We’re all up against it. A deep recession looms, costs will be cut, development projects will be put on hold, consumers will have less disposable income and confidence in the economy is low.

But before organisations consider cutting the customer experience programmes left right and centre, consider how these programmes can actually help organisations better focus their efforts where it really matters and help improve their financial performance.

Here are a few tips for ways a well embedded customer experience programme can help organisations save money, invest more wisely, reboot their sales revenues and making internal processes more efficient and leaner. Yes, Voice of Customer (VoC) programmes can actually help organisations during torrid times, not just cost money to run.

Saving money

How many times have you thought “If only we’d reacted sooner we could have avoided that?” By reacting to negative customer feedback comments quickly, you can avoid PR disasters, stop issues being aired on social media, and best of all, reduce legal administration costs. A VoC programme can act as an early warning system for emerging issues and help minimise ‘recovery’ costs for fixing problems that continue unabated. Listen, take action and save money!

Imagine finding out in real time if a customer was so upset that they were threatening to go legal with their complaint. By getting in contact immediately, customer services are often able to placate the customer, empathise, find out more about the issue, promise to look into the matter and actually do something about it. This sort of action can prevent these cases being taken to the Ombudsman and save hundreds of thousands of pounds in administration and legal fees.

As well as contacting upset customers, a VoC programme with text analytics helps you go one step further. It can identify find people with similar issues who don’t necessarily announce their intentions to escalate the problems – but may do all the same, as well dispensing negative views about the organisation. Contact these customers and nip problems in the bud.

Investing wisely

Every organisation has an investment plan but have they been prioritised according to what your customers want or what your business leaders want? These are not always aligned with each other!
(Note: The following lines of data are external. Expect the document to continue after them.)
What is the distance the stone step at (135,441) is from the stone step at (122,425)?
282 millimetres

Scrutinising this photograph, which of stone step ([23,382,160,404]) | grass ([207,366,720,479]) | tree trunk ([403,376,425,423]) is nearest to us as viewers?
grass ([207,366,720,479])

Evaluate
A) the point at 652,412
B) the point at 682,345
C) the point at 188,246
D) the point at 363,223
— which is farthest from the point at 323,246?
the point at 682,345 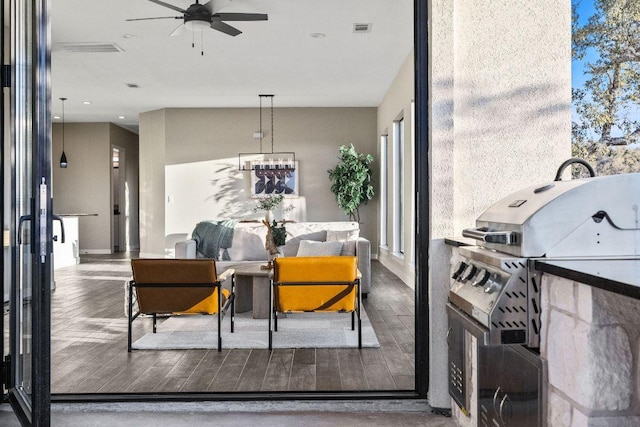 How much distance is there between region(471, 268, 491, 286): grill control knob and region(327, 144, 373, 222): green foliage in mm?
8298

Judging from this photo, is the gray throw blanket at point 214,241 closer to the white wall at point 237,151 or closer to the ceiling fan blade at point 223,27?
the ceiling fan blade at point 223,27

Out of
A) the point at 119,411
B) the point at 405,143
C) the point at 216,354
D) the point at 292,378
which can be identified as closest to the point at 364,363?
the point at 292,378

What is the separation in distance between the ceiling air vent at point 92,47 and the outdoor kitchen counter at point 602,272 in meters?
6.36

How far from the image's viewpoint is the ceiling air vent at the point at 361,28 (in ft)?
20.1

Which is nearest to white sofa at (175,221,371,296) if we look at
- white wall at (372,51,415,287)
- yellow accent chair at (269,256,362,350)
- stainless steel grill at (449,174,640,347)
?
white wall at (372,51,415,287)

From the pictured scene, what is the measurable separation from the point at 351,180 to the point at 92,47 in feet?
16.3

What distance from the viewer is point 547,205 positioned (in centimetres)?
179

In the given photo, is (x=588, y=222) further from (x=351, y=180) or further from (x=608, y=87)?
(x=351, y=180)

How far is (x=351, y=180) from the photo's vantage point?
10438 mm

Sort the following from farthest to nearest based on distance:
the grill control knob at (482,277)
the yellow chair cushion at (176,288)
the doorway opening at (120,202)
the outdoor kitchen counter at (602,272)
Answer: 1. the doorway opening at (120,202)
2. the yellow chair cushion at (176,288)
3. the grill control knob at (482,277)
4. the outdoor kitchen counter at (602,272)

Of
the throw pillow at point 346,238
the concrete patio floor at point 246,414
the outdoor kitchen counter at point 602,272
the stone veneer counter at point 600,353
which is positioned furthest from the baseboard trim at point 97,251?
the stone veneer counter at point 600,353

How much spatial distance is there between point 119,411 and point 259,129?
345 inches

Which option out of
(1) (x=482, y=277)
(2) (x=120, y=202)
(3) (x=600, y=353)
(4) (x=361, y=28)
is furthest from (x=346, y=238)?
(2) (x=120, y=202)

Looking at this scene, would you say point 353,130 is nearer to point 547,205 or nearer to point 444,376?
point 444,376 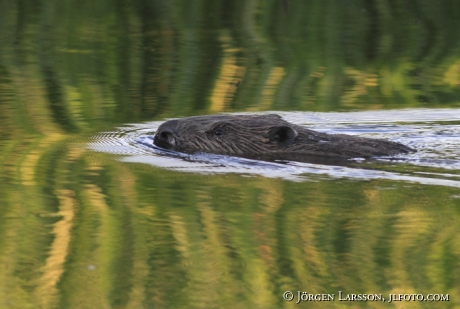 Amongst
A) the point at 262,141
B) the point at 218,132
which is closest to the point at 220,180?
the point at 262,141

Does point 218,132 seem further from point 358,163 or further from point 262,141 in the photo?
point 358,163

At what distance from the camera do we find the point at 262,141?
664 cm

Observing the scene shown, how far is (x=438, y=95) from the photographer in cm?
873

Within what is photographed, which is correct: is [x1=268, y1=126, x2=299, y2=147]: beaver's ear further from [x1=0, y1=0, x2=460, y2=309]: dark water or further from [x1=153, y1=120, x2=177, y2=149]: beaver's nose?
[x1=153, y1=120, x2=177, y2=149]: beaver's nose

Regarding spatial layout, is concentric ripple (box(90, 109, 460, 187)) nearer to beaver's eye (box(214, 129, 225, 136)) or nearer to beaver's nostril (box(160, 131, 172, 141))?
beaver's nostril (box(160, 131, 172, 141))

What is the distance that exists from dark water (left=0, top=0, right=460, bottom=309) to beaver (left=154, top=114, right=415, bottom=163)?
158mm

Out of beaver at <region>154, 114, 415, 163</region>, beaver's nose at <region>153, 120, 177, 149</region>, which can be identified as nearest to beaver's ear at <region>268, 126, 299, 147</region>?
beaver at <region>154, 114, 415, 163</region>

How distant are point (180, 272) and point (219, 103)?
14.4ft

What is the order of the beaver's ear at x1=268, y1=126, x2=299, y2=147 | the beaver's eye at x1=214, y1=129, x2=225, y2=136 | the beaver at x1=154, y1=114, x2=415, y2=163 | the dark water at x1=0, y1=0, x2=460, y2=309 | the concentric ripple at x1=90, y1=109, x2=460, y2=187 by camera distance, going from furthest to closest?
1. the beaver's eye at x1=214, y1=129, x2=225, y2=136
2. the beaver's ear at x1=268, y1=126, x2=299, y2=147
3. the beaver at x1=154, y1=114, x2=415, y2=163
4. the concentric ripple at x1=90, y1=109, x2=460, y2=187
5. the dark water at x1=0, y1=0, x2=460, y2=309

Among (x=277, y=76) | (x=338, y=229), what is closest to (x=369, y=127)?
(x=277, y=76)

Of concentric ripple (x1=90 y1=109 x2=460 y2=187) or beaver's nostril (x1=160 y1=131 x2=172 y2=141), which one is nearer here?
concentric ripple (x1=90 y1=109 x2=460 y2=187)

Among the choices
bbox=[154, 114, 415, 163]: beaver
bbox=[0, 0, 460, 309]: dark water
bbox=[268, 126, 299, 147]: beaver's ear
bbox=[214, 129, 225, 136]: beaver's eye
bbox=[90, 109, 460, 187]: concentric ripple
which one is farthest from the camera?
bbox=[214, 129, 225, 136]: beaver's eye

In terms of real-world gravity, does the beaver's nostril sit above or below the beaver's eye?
below

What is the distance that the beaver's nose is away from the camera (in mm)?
6780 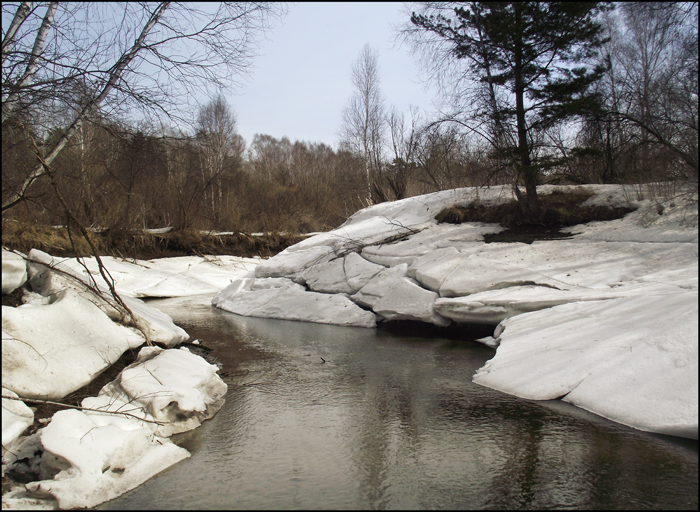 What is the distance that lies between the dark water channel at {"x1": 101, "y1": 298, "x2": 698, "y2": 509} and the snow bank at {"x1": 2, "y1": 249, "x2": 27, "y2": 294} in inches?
95.5

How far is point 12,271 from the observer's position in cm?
471

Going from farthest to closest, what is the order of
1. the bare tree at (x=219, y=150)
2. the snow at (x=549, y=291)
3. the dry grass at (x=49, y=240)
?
the bare tree at (x=219, y=150) < the dry grass at (x=49, y=240) < the snow at (x=549, y=291)

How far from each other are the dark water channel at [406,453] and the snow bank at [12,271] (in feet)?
7.96

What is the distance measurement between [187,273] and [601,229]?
539 inches

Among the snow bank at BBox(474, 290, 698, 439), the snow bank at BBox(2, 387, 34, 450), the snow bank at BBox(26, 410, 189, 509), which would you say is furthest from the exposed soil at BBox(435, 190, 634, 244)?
the snow bank at BBox(2, 387, 34, 450)

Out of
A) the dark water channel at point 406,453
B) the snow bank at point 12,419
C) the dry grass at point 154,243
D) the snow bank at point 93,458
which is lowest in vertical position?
the dark water channel at point 406,453

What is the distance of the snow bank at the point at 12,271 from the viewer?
15.3ft

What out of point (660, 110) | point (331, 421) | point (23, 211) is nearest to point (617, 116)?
point (660, 110)

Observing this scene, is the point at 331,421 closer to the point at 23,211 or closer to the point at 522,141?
the point at 522,141

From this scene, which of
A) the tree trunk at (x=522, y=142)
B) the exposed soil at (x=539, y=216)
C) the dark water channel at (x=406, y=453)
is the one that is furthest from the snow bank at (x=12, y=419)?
the tree trunk at (x=522, y=142)

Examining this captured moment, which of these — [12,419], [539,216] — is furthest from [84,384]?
[539,216]

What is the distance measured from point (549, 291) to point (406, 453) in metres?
4.52

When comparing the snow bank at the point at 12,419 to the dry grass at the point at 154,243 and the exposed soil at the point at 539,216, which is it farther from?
the dry grass at the point at 154,243

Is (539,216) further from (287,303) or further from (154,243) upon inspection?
(154,243) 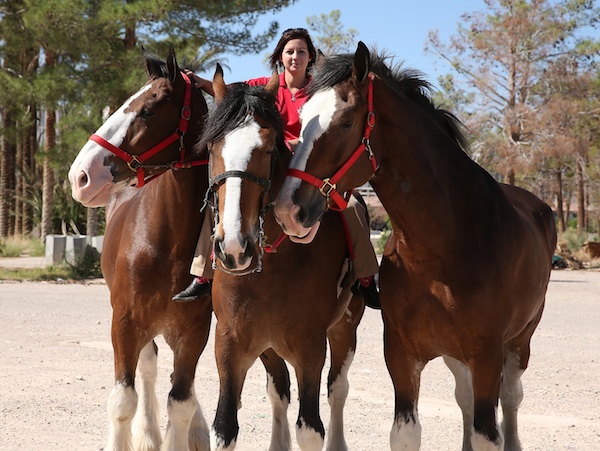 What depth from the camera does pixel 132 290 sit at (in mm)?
4797

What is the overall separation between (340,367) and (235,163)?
2.33m

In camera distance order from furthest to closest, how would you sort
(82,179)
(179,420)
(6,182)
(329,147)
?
(6,182) → (179,420) → (82,179) → (329,147)

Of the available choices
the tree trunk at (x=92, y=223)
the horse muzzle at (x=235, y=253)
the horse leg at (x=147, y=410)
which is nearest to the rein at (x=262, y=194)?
the horse muzzle at (x=235, y=253)

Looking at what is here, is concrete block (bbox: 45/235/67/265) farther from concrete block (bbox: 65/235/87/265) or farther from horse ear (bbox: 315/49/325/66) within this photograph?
horse ear (bbox: 315/49/325/66)

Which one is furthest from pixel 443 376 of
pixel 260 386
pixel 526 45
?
pixel 526 45

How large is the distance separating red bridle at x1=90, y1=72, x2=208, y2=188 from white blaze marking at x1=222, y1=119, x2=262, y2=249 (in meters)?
0.88

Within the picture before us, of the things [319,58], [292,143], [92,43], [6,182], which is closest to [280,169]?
[292,143]

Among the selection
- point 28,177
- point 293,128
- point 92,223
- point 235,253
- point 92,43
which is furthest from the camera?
point 28,177

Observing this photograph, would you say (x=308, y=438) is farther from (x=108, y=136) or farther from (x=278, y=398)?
(x=108, y=136)

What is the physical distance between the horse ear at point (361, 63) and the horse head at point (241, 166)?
48 cm

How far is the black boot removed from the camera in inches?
182

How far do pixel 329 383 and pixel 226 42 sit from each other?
15772 millimetres

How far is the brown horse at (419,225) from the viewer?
3943mm

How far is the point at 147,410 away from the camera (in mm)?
5836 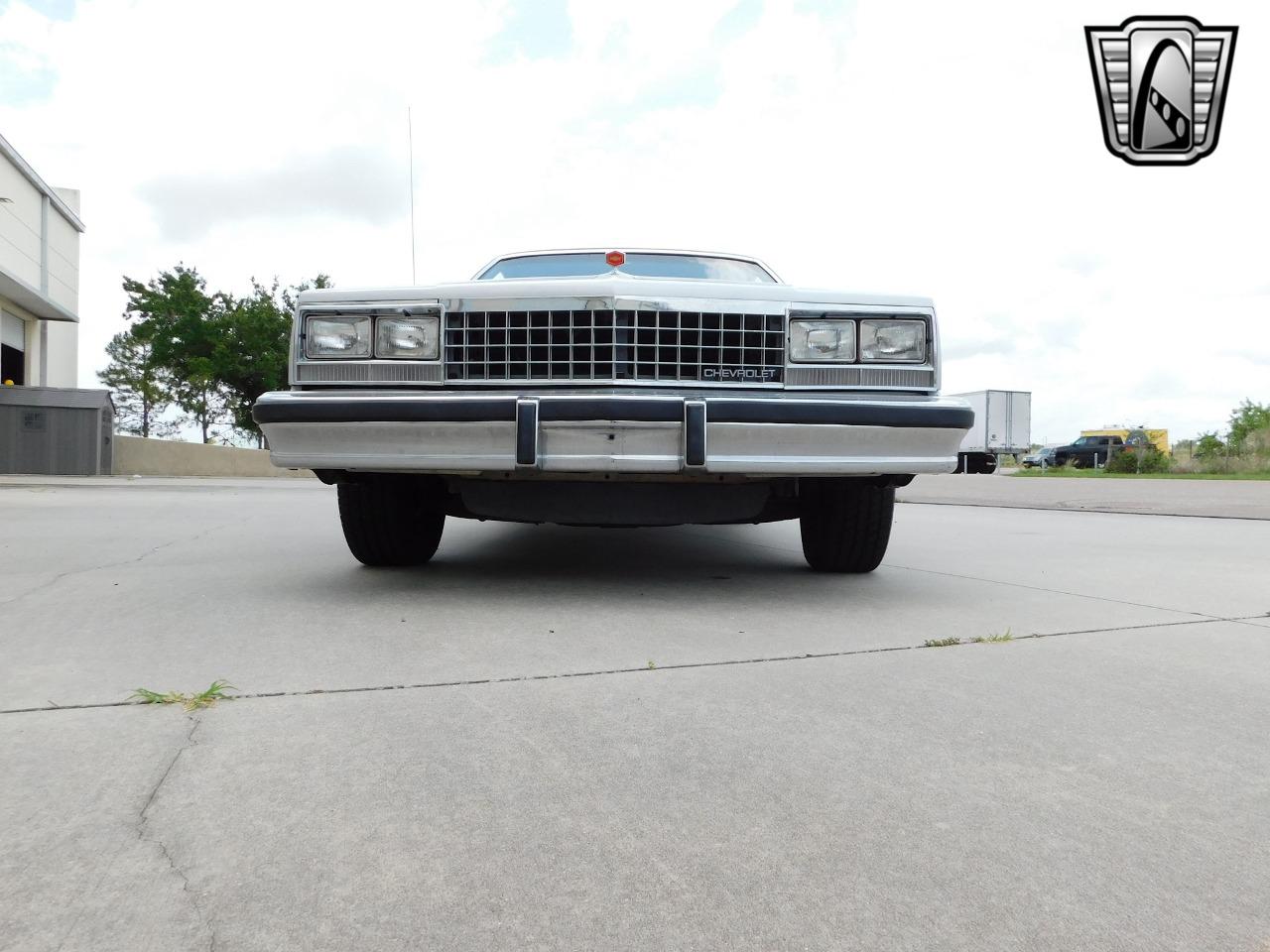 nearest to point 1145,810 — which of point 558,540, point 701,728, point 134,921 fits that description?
point 701,728

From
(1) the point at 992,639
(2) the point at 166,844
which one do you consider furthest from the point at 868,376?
(2) the point at 166,844

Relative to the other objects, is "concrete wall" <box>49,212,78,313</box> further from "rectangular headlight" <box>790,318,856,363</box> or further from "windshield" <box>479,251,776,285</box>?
"rectangular headlight" <box>790,318,856,363</box>

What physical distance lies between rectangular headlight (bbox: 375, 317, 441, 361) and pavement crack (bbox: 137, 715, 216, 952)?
1.90 m

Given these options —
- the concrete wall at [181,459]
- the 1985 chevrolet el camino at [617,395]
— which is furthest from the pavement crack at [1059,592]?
the concrete wall at [181,459]

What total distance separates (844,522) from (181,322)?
31607 mm

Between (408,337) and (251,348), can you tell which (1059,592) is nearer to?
(408,337)

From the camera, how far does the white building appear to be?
2072cm

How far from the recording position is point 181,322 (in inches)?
1209

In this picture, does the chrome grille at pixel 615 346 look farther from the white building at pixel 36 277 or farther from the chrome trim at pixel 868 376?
the white building at pixel 36 277

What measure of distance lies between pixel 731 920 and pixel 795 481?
264 cm

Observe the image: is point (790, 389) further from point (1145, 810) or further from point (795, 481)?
point (1145, 810)

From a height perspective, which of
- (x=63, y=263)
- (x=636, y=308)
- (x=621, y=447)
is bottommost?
(x=621, y=447)

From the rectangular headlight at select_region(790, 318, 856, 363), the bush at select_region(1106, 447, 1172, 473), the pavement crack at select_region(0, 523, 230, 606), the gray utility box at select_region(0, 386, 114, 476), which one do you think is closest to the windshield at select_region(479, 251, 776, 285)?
the rectangular headlight at select_region(790, 318, 856, 363)

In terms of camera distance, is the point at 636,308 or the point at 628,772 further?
the point at 636,308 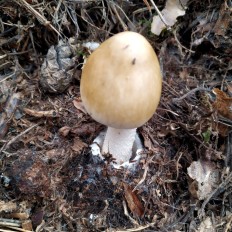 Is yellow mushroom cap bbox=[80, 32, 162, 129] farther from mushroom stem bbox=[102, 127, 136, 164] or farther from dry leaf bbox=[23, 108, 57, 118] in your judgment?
dry leaf bbox=[23, 108, 57, 118]

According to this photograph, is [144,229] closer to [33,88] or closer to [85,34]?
[33,88]

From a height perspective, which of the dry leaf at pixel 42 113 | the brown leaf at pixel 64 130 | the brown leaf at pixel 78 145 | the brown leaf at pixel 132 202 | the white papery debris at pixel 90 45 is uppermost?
the white papery debris at pixel 90 45

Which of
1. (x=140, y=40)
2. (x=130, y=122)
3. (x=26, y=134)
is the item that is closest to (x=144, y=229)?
(x=130, y=122)

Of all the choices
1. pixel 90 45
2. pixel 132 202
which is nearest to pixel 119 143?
pixel 132 202

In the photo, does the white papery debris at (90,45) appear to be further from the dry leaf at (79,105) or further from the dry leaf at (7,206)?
the dry leaf at (7,206)

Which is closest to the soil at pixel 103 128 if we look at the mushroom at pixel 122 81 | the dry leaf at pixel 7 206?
the dry leaf at pixel 7 206

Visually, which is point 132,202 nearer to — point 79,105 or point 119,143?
point 119,143

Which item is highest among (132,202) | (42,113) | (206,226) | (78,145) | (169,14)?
(169,14) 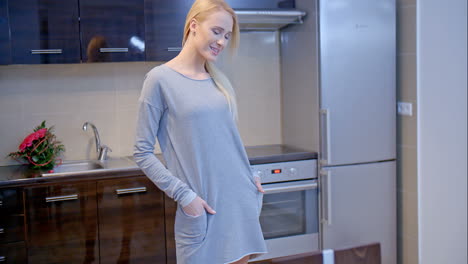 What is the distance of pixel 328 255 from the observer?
1232mm

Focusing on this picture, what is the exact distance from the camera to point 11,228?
2646mm

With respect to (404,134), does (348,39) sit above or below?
above

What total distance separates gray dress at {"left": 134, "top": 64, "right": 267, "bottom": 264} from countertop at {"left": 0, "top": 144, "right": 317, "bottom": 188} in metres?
1.20

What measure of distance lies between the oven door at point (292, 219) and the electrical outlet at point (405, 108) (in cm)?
78

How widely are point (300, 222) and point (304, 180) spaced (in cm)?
29

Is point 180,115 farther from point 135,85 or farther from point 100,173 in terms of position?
point 135,85

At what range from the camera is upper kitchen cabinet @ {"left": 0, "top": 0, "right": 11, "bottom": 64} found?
2.80 meters

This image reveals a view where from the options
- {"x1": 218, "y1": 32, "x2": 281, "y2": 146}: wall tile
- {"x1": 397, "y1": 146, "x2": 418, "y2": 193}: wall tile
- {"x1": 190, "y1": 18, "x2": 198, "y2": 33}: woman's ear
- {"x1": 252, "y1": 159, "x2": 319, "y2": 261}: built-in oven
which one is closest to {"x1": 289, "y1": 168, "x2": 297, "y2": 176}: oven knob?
{"x1": 252, "y1": 159, "x2": 319, "y2": 261}: built-in oven

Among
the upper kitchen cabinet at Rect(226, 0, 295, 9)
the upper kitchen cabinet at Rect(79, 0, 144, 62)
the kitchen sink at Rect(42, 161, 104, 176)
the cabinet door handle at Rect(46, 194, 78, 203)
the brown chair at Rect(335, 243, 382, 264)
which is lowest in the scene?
the cabinet door handle at Rect(46, 194, 78, 203)

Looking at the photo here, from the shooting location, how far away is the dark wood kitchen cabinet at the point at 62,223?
2.69 m

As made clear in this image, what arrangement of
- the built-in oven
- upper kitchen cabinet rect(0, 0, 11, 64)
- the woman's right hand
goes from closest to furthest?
the woman's right hand < upper kitchen cabinet rect(0, 0, 11, 64) < the built-in oven

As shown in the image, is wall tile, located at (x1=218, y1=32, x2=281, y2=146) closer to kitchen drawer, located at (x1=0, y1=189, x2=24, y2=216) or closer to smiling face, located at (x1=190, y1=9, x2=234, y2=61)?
kitchen drawer, located at (x1=0, y1=189, x2=24, y2=216)

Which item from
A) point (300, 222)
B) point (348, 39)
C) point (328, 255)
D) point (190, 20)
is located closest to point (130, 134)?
point (300, 222)

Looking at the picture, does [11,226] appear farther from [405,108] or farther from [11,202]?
[405,108] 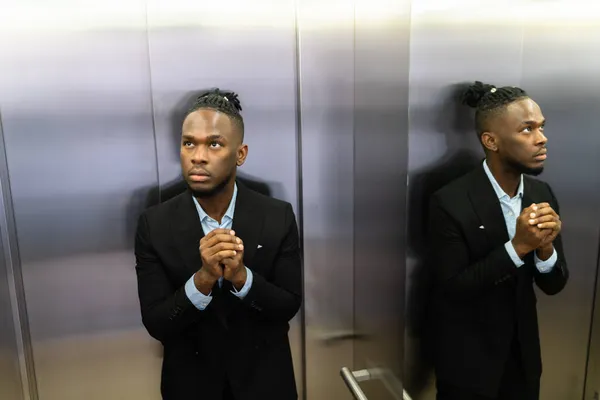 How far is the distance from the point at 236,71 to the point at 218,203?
473mm

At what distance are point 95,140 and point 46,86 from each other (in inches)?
7.9

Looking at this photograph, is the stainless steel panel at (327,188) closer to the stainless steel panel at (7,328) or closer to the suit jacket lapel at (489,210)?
the suit jacket lapel at (489,210)

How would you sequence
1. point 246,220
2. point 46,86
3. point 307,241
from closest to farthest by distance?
point 246,220 < point 46,86 < point 307,241

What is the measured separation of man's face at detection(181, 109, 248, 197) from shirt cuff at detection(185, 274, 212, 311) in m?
0.22

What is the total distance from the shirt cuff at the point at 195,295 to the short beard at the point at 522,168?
87 centimetres

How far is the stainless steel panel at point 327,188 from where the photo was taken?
171 centimetres

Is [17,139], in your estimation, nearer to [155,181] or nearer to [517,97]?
[155,181]

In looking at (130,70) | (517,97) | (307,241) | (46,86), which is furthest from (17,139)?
(517,97)

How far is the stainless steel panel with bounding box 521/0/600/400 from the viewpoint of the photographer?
1.70m

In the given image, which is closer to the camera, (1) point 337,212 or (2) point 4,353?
(2) point 4,353

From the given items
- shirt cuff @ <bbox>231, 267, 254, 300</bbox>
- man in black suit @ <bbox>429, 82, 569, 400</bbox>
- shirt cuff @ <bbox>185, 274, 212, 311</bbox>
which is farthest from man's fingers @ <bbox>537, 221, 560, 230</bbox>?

Senior managers often think they know what products or services need improving. But how can they ever really know unless they ask customers what, in their opinion, would really make a difference?

Imagine being told by a senior manager that the Board had decided to invest millions into an area of the business. By examining customer feedback, you can help analyse whether the proposed investment will actually affect customer buying behaviour.

A deep dive analysis into the customer feedback comments may well reveal the proposed investment won’t have any effect on the bottom line. If that’s the case, the company could save itself a whole load and money and instead invest in an area of the business which does affect customer loyalty and will have a positive impact on the financial performance.  

Rebooting sales

Kick starting sales after a difficult period is often challenging but VoC programmes can help you understand which customers types are the most loyal and which may easily be tempted to defect to your competitors.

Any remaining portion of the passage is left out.